I could as well ask if London today is a British city. The ethnic English have been a minority there since at least 2012, and one can find no reason to imagine that the trend of Londonistan will reverse.
In his disturbing book from this summer, The Strange Death of Europe, Douglas Murray suggests moral weariness explains Europe’s quiet surrender to immigration that is changing its face, culture and character. Europe’s anchor of Christianity was slipped in the nineteenth century, its new ideologies brought mass murder and enslavement, and its philosophers have deconstructed the continent’s raison d’etre. The Europe of Locke has forgotten itself, and it resists replacement weakly.
Yet there seems to be a complacent belief that Europe will survive all this. France survived the Nazis. What are a few million unassimilated people from the Middle East and Africa?

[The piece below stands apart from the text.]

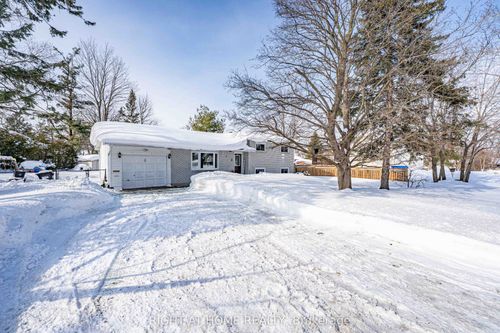 2 Quinn Avenue, Orillia, ON, L3V3H5 | Card Image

Pew Research puts the percentage of foreign-born in France in 2016 at 12.3%, only slightly above the average among European countries. But the immigrant fertility rate is about 2.1, almost a third higher than the European-born population’s. (There may be some question of definition here: is a third-generation unassimilated Muslim in the banlieue “European-born” in any meaningful sense?) In any case, the demographic trend is projected to lift the foreign-born population by several percentage points by 2050.
If the trend persists around Paris, where the metropolitan area population is perhaps 15% Muslim, the question of how long Paris will remain a French city is not rhetorical. Not every African who turned the Avenue de Flandres into an open-air dormitory was Muslim, so the percentage of unassimilating migrants is certainly larger than 15%. (Since the topic is Paris, I note only in passing that Pew Research shows the following percentages of foreign-born populations for 2016: Sweden 18.3%, Austria 18.5%—is it a wonder that Austria sent troops to the Brenner Pass?—and Germany 15.6%. Numbers from six years ago, citing multiple sources, showed Muslim-only populations in Malmo at 20%, the Hague 14.3%, Antwerp 16.9%, Manchester 15.8%, and so on. And this was before the 2015-2016 immigrant wave.)

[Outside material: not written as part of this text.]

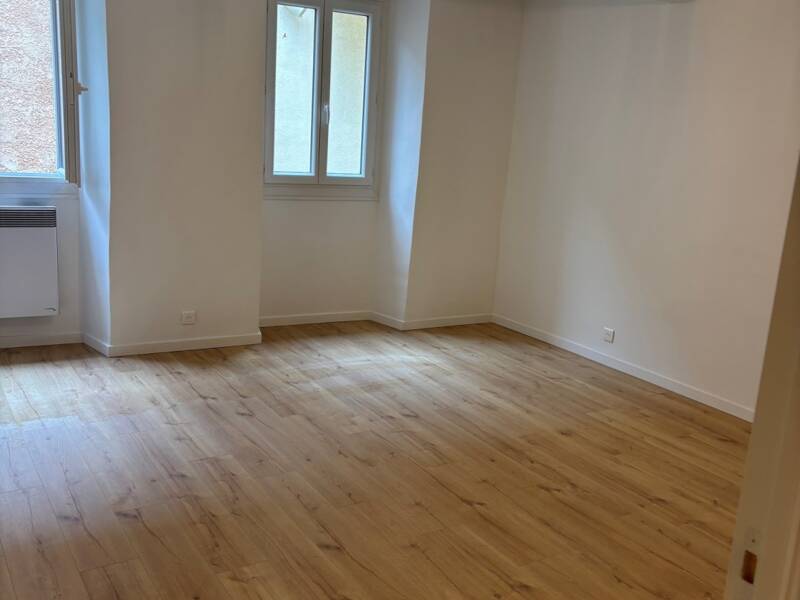 Maison à louer, 70m², CASTELLAR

Douglas Murray, who says the foreign-born population in Malmo now exceeds 50%, notes the utter failure of a generation of tough-talking European politicians to turn back immigration. Even admitting that many immigrants do not want to assimilate (assimilation is a “crime against humanity,” according to Turkey’s President Erdogan), and facing up reluctantly, after decades of lies, to the scandals of FGM, grooming, rape, and terror, the political class remains the enablers of immigration that is transforming their societies. If assimilation has proved a failure across the continent, as it has, what is left? You can wonder as well about voters, who rejected Geert Wilders in the Netherlands and Marine Le Pen in France in favor of extending the status quo. People agree it's a problem, until someone invites them to face up to it.

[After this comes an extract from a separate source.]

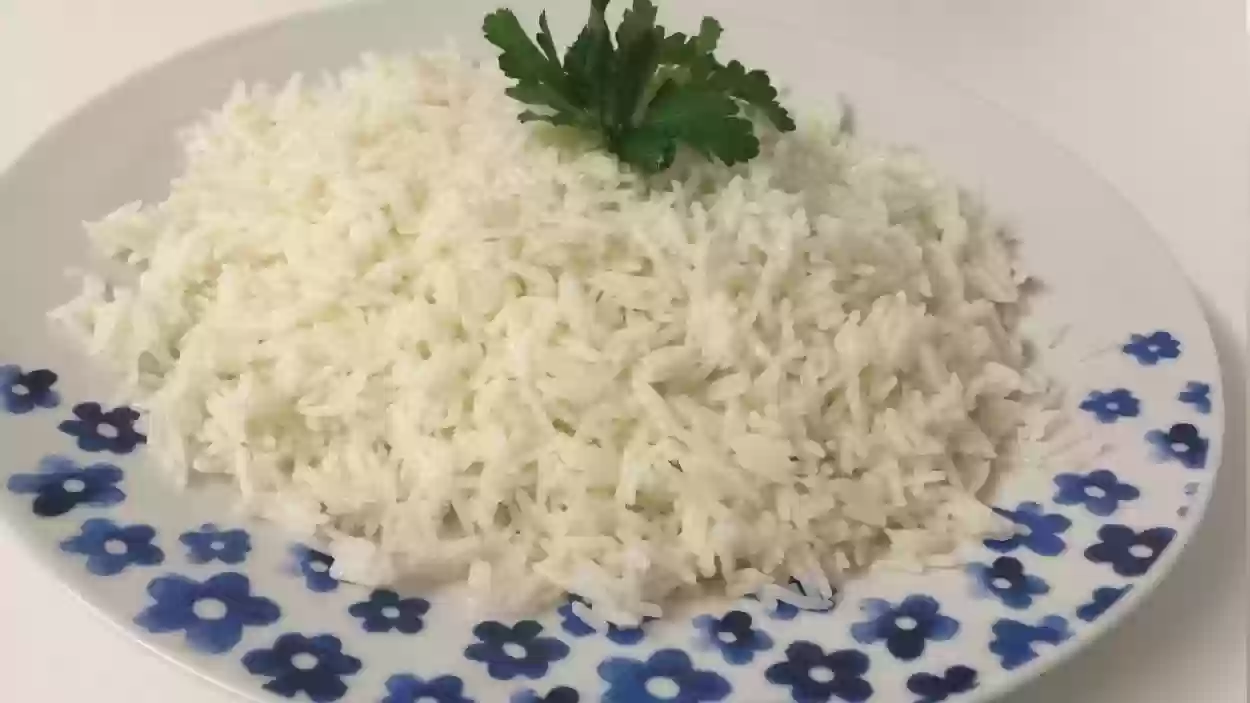 كيف اسوي رز ابيض سعودي؟ طريقة طبخ الرز الأبيض نثري مثل المطاعم بخطوات بسيطة للمبتدئين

It’s been more than twenty years since I was in Paris. For a while, my wife and I were regulars. It was one of a handful of places I’ve been where I wouldn’t have just as soon, at any moment, have been somewhere else. Whether it was sitting on a bench above the Seine reading the IHT, or wandering dark but safe streets in the Marais peeking through fogged café windows, it was the most romantic place I’d been.
Paris celebrated itself, as Juliette Greco does here, singing “Saint-Germaine-des-Pres.”You walk one direction and there’s a violin-maker’s shop. Another and you pass Le Dôme. Here is Marie-Henri Beyle’s neighborhood. Here is where Jacques de Molay was burned alive. Here is where Hemingway, Fitzgerald, Miller, Root, Paul, Liebling, Baldwin, Wright, Himes, Glyn, Joyce, Beckett, Nabokov, Durrell, Koestler and innumerable others great and small paused for important years of their lives. The native French were part of the scenery. They maintained the clean, well-lighted places that offered pastis and plonk, so they were indispensable. Half-assimilated Russians, Romanians, Hungarians, Poles and Jews were by and large Western when they arrived. There is no reason to believe the world must maintain any European city as an adult amusement park for my pleasure. But it’s a mistake to think that once anything is gone it will come back.
August 29 2017
A follow-up note: BBC reported in late September 2021 that the Paris coppers had banned a performance by Congolese singer Werrason – also known as Noël Ngiama Makanda – because his pro-ruling gang political views might “ignite tensions between different political factions of the Congolese diaspora in France.” Statista says there were 64,181 Congolese living in France this summer. It isn't clear whether this includes second-gen personnes assimilées who teach at Paris Tech. A shame. Werrason looks like a rocker.